1. Red Tape Deterring Hydropower Projects

Small-scale hydropower can generate clean, low-cost electricity and reduce carbon dioxide emissions, but onerous federal regulations are discouraging development of this renewable energy.

Small-scale hydropower usually does not require dams, and most commonly is produced when water from a river is diverted to a pipeline. The water flows through a turbine or waterwheel, powering a generator to produce electricity.

This hydropower could potentially yield enough electricity throughout the United States to power more than 65,000 homes annually.

Hydropower generates electricity more efficiently than any other form of electrical generation, and usually has "limited or even no environmental effects," according to a report published by the Mercatus Center at George Mason University.

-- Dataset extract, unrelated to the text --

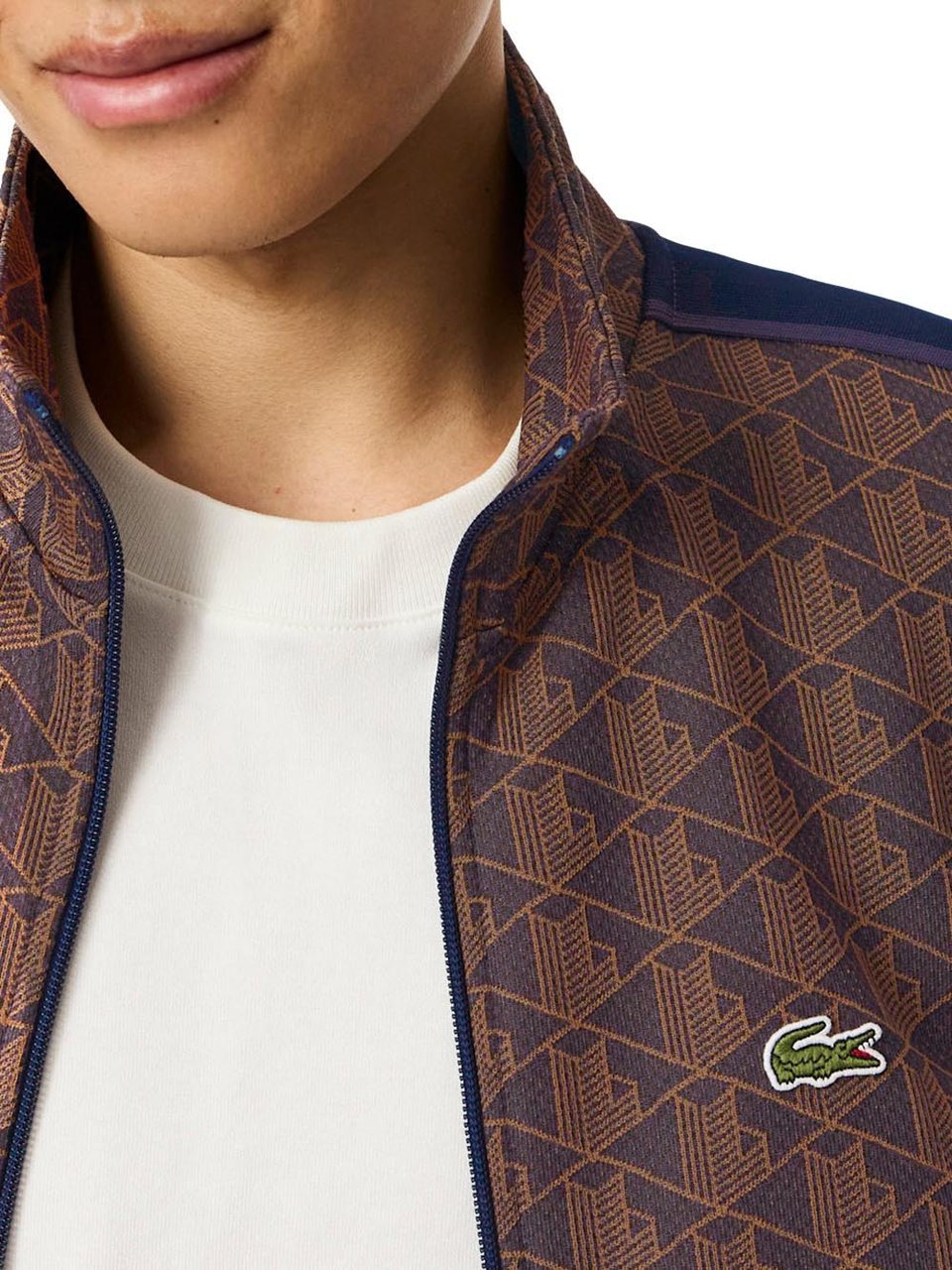Lacoste Sweaters Divers Divers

Nevertheless, "the federal permitting process is onerous," the report states, and projects may have to obtain permits from as many as 25 regulatory agencies.

These include compliance with the Clean Air Act, the Clean Water Act, the Endangered Species Act, the National Historic Preservation Act, and the Fish and Wildlife Coordination Act.

The report points to the example of Logan, Utah. The city planned a small-scale hydropower project that could power 185 homes and reduce carbon dioxide emissions from coal-powered plants by about 3.7 million pounds a year.

But due to federal regulations, the project ended up taking four years and costing nearly $3 million. By comparison, energy experts estimate that a similar project in Canada would have cost between $225,000 and $375,000.

In Logan, regulations "drove up costs in terms of time and money, and as a result, Logan is not planning to undertake any similar projects in the future," the Mercatus report observes. "Other cities have had similar experiences.

"We find that regulation is likely deterring the development of small hydropower potential across the United States."

In another example cited by the report, Afton, Wyo., had to spend $7.5 million for a small-scale hydropower project, including an estimated $5.6 million on regulatory compliance.

Federal legislation signed into law in August 2013 is intended to streamline the permitting process, but Mercatus notes that "it is still too soon to tell whether this law will have its intended effects."

Editor's Note:



2. Sen. Coburn's New 'Wastebook' Cites $30 Billion

Sen. Tom Coburn has released his annual "Wastebook" citing egregious examples of government waste resulting from what he calls "mismanagement and stupidity."

These examples "collectively cost nearly $30 billion in a year when Washington would have you believe everything that could be done has been done to control unnecessary spending," the Oklahoma Republican said.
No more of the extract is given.